Get richer error data by asking browsers to trust your scripts.
Are you hosting your code on a CDN, or on a different domain than your site's? You will need to enable CORS support to get rich error data.
Due to a potential security issue, browsers traditionally don't provide access to error data if the script violates the same-origin policy. Instead, browsers just report a meaningless Script error on line 0
, with no additional data.
However, since you can trust your own scripts, you can ask browsers to enable CORS for your scripts. Enabling CORS lets you bypass the same-origin policy in a secure way, much like how cross-domain ajax requests work. This lets you gather errors from the widest range of browsers.

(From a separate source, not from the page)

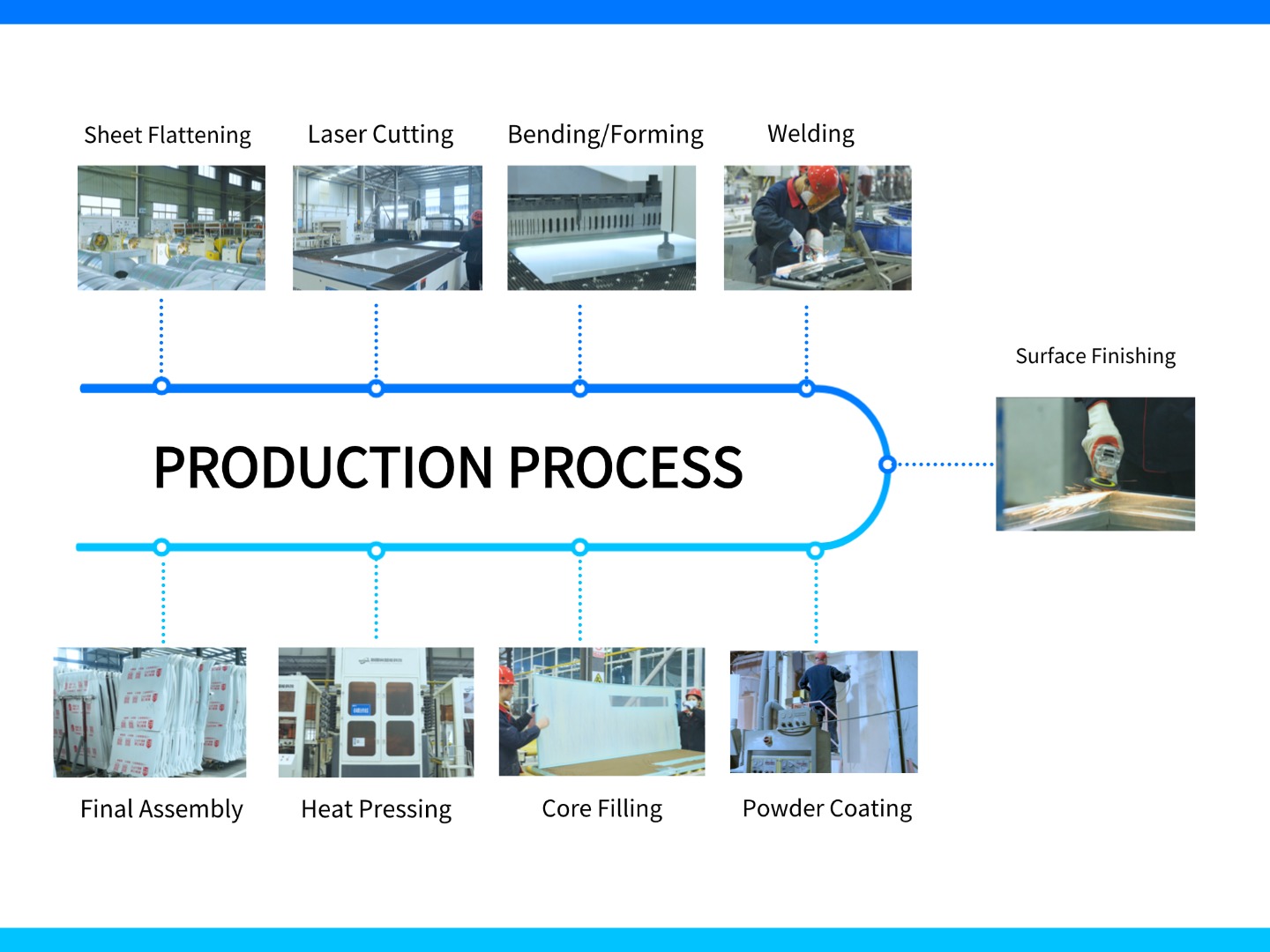 Produktionsproces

It's really easy to do too. You will only need to make two little changes to your existing setup.
Tweak your CDN's configuration to send an extra HTTP header with the response for your script files. The header should look as follows:
Access-Control-Allow-Origin: *
Using CloudFront? Learn more about configuring CORS on CloudFront.
Script tags have a new (yet non-standard) attribute called crossorigin
, which allows errors to be made available to window.onerror
. Read more about the crossorigin
attribute.
The most conservative value for this attribute is anonymous
. As an example, if you were to load script.js from the CDN, you'd have to modify your markup to look as follows:
<script src="https://cdn.example.com/script.js" crossorigin="anonymous"></script>
Internet Explorer doesn't recognise the crossorigin
attribute, but it doesn't block cross-origin errors from window.onerror
either. So, even if you don't do any of this, all errors from IE will still be recorded. This is true across all versions of IE, from the oldest to the very latest.
All of the rest of the popular browsers do not report errors to window.onerror
from cross-origin scripts without these changes. Instead, they report a meaningless Script error
with no additional data, which Errorception doesn't record. If you do specify the header and the attribute, Chrome and Firefox make error data available for cross-origin scripts. More browsers are expected to follow suit soon. Standardisation for this new attribute has been proposed.